2012 UnCaged runner-up Danny Clay writes about his new audio-video collage and the process of collaborating with elementary schoolers (and me) for this new work.
I’d say the most notable part of my project for the 2013 UnCaged Toy Piano festival is not my unusual instrumentation, but my unusual collaborators: five classrooms of elementary schoolers.
In addition to composing, I teach music at a small school in San Francisco called Zion Lutheran School. Being the proud owner of a pink baby grand toy piano, I jumped at the opportunity to bring it into my classes and share it with the kids. We looked at the first piece of music ever composed for the instrument – John Cage’s suite – and talked about the character that defined each movement. We then discussed how one goes about drawing the sounds we hear, and each kid got a chance to listen to and create their own notation for a movement of the Cage. These graphic scores – ranging from painstakingly calculated figures to hastily scrawled scribbles to amorphous creatures named Dumbo – were then given to toy piano virtuoso (and UnCaged artistic director) Phyllis Chen to interpret. The students also got a chance to interpret and record their drawings, both on the toy piano and as a group using hand chimes.

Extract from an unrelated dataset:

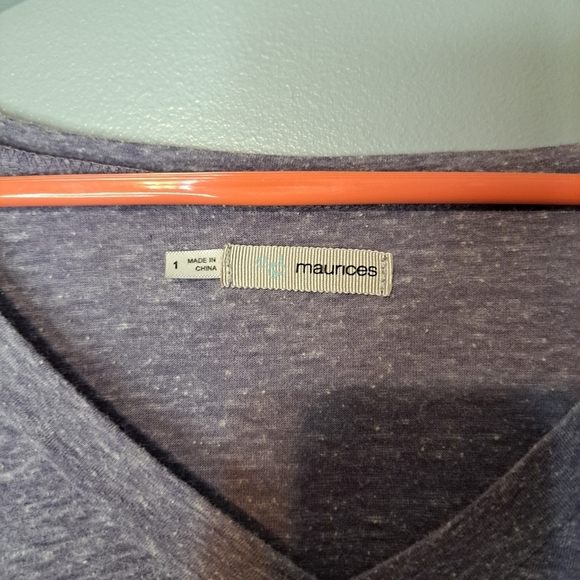 🌈Maurices, Size 1, Purple Color - Picture 2 of 4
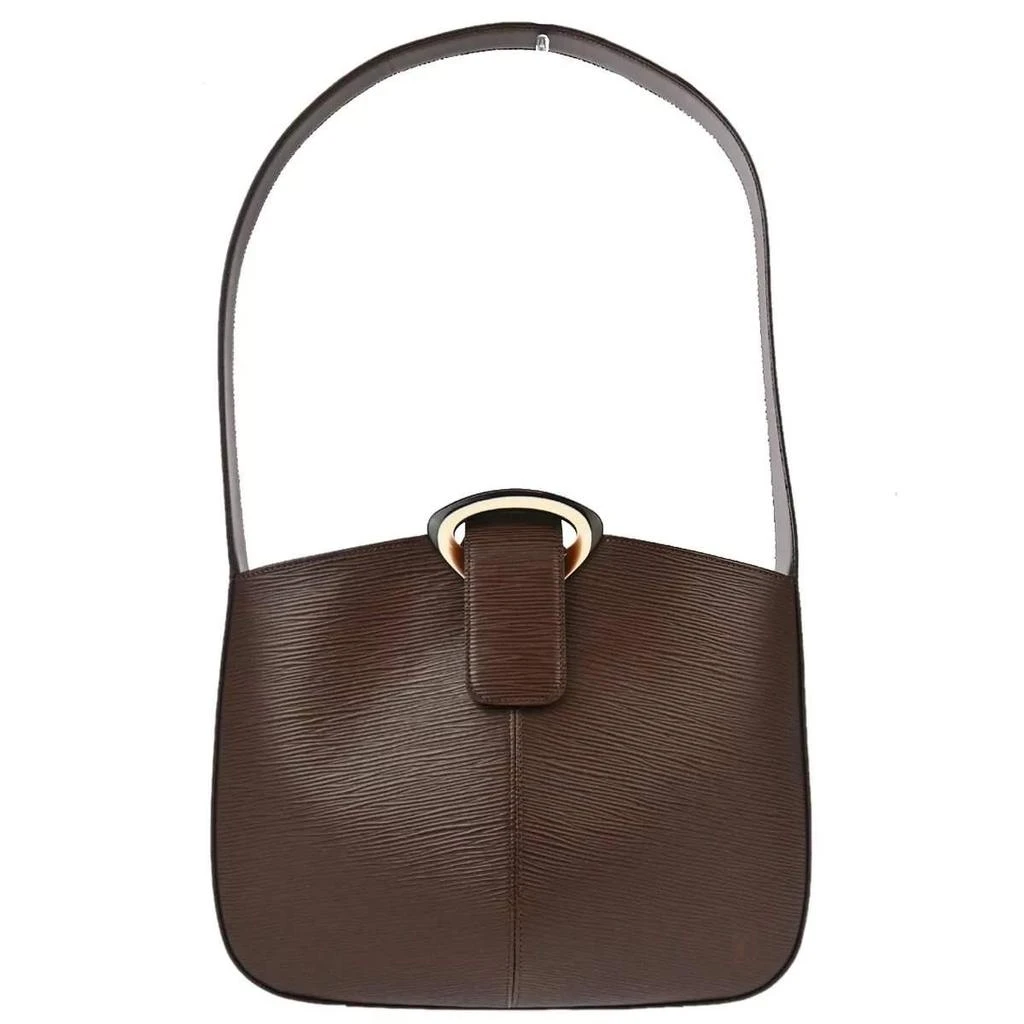 Louis Vuitton Louis Vuitton Brown Epi Reverie Shoulder Bag 1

These collaborations have led to, frankly, more material than I know what to do with. I mean, when you have scores to work with like this:
and verbal descriptions of movements like:
-a blossom floating through the wind
-the sound of chimes exploding
-a pupa turning into a butterfly
…not to mention the slew of brilliant sounds recorded by Phyllis Chen and the creative young minds at Zion – it’s easy to feel overwhelmed with possibilities.

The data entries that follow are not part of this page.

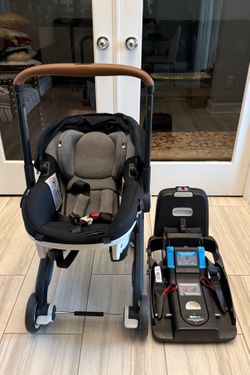 Evenflo Gold Shyft DualRide Infant Car Seat & Stroller Combo – Like New
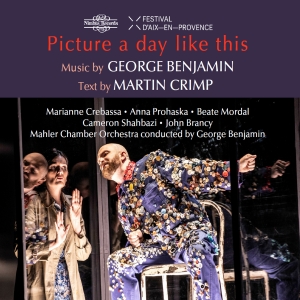 Mahler Chamber Orchestra George Be - Benjamin: Picture A Day Like This - i gruppen CD hos Bengans Skivbutik AB (5557263)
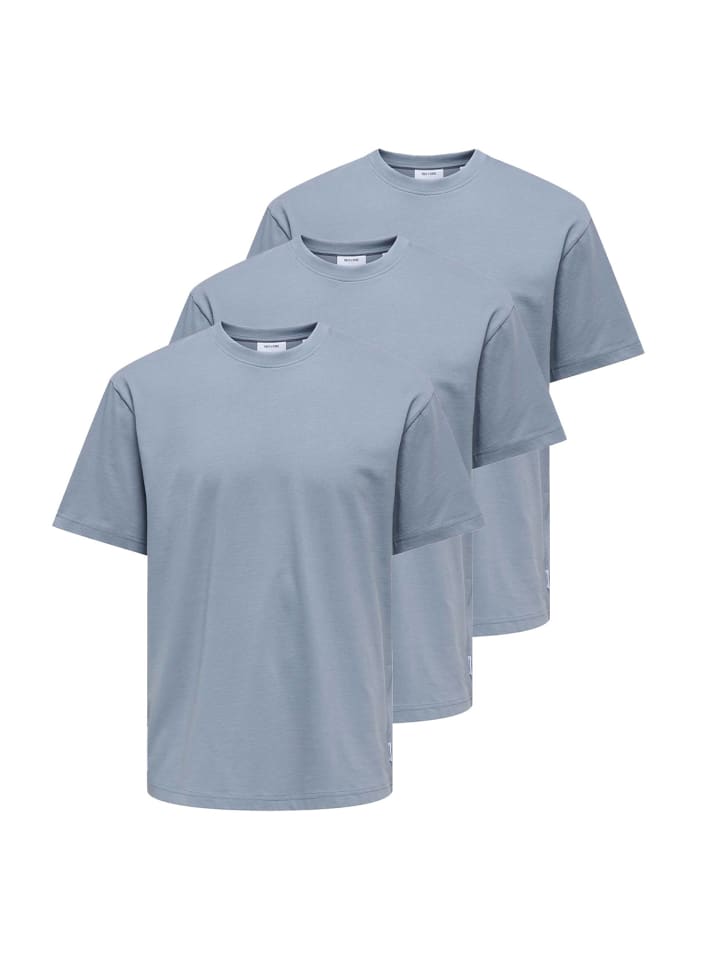 Футболка ONLY & SONS, цвет flint stone
Футболка ONLY & SONS, цвет flint stone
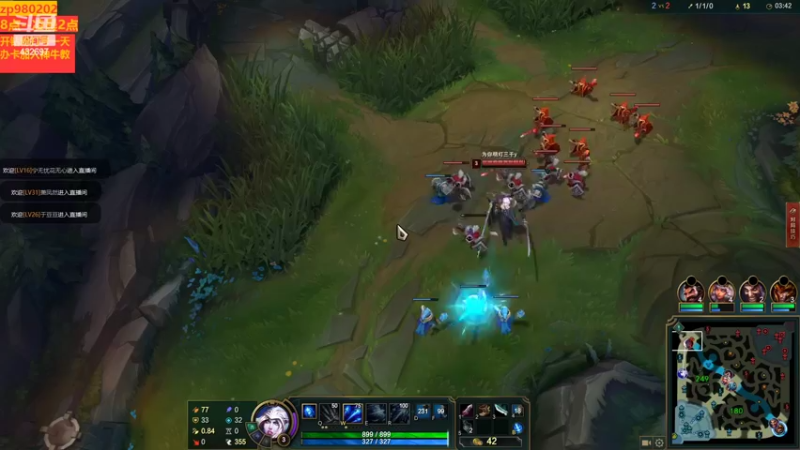 【2022-11-14 02点场】神牛教丶教主：ap牛头超快乐 牛头领域打法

As a result, the culmination of this project at UnCaged, “five pieces,” will feature an immense amount of sensory information crammed into a short amount of time — five fixed-format works bursting at the seams with audio and visual responses to each respective movement of John Cage’s suite. Each work consists of a sequence of the kids’ own graphic interpretations of that particular movement as performed by Phyllis, followed by a larger collage incorporating recordings by the kids, translations of their scores to other musical media (music box, GameBoy, and other various small objects) and mangled versions of Phyllis’ own recording of the Cage suite.
Why? It’s a question I’m still asking myself, but I prefer to stay focused on the “why not.” Why not give sixty elementary schoolers a chance to have a mini-world premiere? Why not allow John Cage’s work to serve as a springboard for new creative pathways? And why not toss in a few squiggles and doodles named Dumbo along the way? Although those who see the work on the 14th will only be experiencing the tip of the iceberg, I sincerely hope that it offers as much joy in viewing as it has for me in putting it all together.